The following day twin2 excavated the lumpy contents of the toilet (the lad tends not to flush). Leaving bubbling pots and pans on the cooker I thought I'd run a quick head count. The lad and twin1 were watching Peppa Pig in the living room. Nice. Twin2 was armpit deep in the toilet bowl, flicking the water and other more substantial items around the room with a brown flecked toilet brush. The pool of liquid about her feet was seeping into her socks. She smiled as she saw me, dropped the brush and started to raise her hand to put her fingers into her mouth. Not quite as nice.

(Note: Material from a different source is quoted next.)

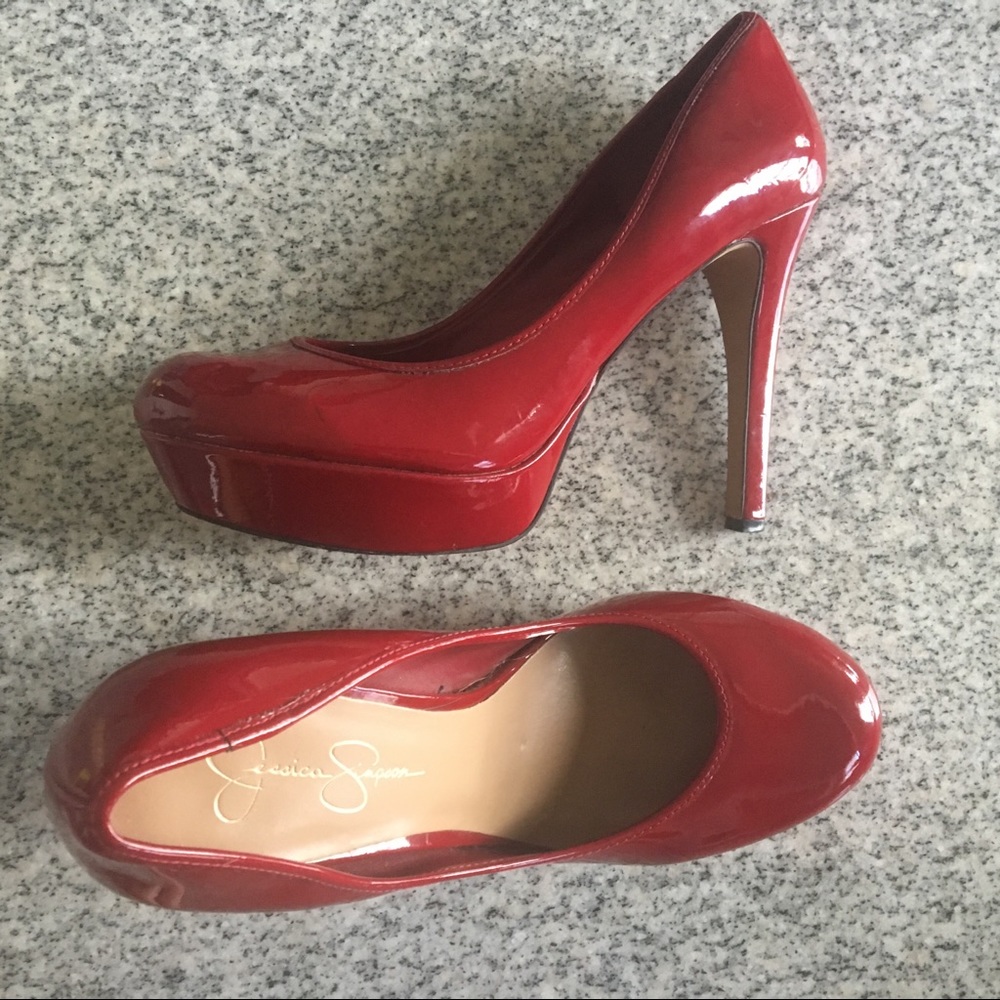 Valentines Day red patent leather heels platform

And then a slamming great ray of sunshine beamed down upon me in the form of a few hours with my daughter. Each Tuesday afternoon, the lad has fun at kindergarten with his chums and the girls take it in turns to go to daycare. This week it was twin 2's turn to potter about with her ma. We took our lunch down to the boardwalk by the beach. As we walked together, we held hands and she smiled with her mouth open in delight as we watched little birds hop across our path and surfers whip their boards across the huge waves. We sat down on a bench underneath a tree and ate vegemite and avocado sandwiches. It was just so perfect. My sweet little girl.

Tuesday, 11 May 2010

hunkering down

As it cools down here in New Zealand it is warming up at home in England. In our front garden is the most enormous pile of neatly stacked wood which already has a bit of a dent in it. In the words of the husband's idol Bear Grylls "there is nothing to boost morale better than a fire." Hear, hear.

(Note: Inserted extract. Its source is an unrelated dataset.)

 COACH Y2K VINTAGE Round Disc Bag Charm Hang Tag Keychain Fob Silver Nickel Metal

It has been quite a few weeks since we have had any rain. This weekend I'm hoping for a deluge (to quench our thirsty garden), fish and chips from the Tauranga fish market and to sit inside our cosy living room, fire blazing while we watch films. Hardly the most ambitious way to spend your time but I am craving some time en famille.

Thursday, 6 May 2010

Christmas Tree planting in May

Today is my wedding anniversary. Four years ago we stood in the church behind my parents' house and promised to love each other, take care of each other and build a life together until one of us kicks the bucket. The traditional gift for the fourth anniversary is fruit and flowers. Probably one for the girls I should say. I bought the husband a Pohutukawa tree. As it grows it will produce festive looking, bright red, thistle like blooms which come to the fore in December and have earnt it the moniker New Zealand's Christmas Tree. I love the pride of the nation in this ancient looking adornment to many beaches and gardens here and feel excited about watching it grow in the garden of the house my husband lovingly built for his little family as we build our life together, loving and taking care of each other.

Monday, 3 May 2010

No room for political correctness

Last Saturday morning our little family wandered across the road to the park and sports ground and watched our friends' son play rugby. He is 8 years old and rather impressively scored a try whilst managing to bowl a few others over in the committed yet gentlemanly fashion as befits the game. His team played well and beat their opponents convincingly. As the boys ambled off the field, cheeks flushed with victory they grouped together to have a post match debrief. I was so pleased for them and expected the coach (a father) to clap them all on the back and dish out an enthusiastic "Goodness me, aren't you a talented lot! Well done to one and all. Look at what you can achieve when you play so well as a team." Not so it would seem. This is what they got.

"Yeah not bad boys. There's a lot of work to do but luckily we've got all year to do it. See you on Wednesday at 4pm sharp for training."

According to the try scorer's mum this was quite encouraging compared to other weeks. The previous match they had lost and had been told that as they all played so badly there would be no man of the match awarded. In a year and a half the lad will be playing each Saturday. Judging by his current behaviour he will benefit enormously from the rough and tumble of a weekly ruck. During the match he ran off to play with some of his friends. He came back to the throng of parents and I watched him walk round and look up at each mum. When he had located his target he punched me heftily in the thigh as I assume some form of greeting or possibly a show of love and then ambled off.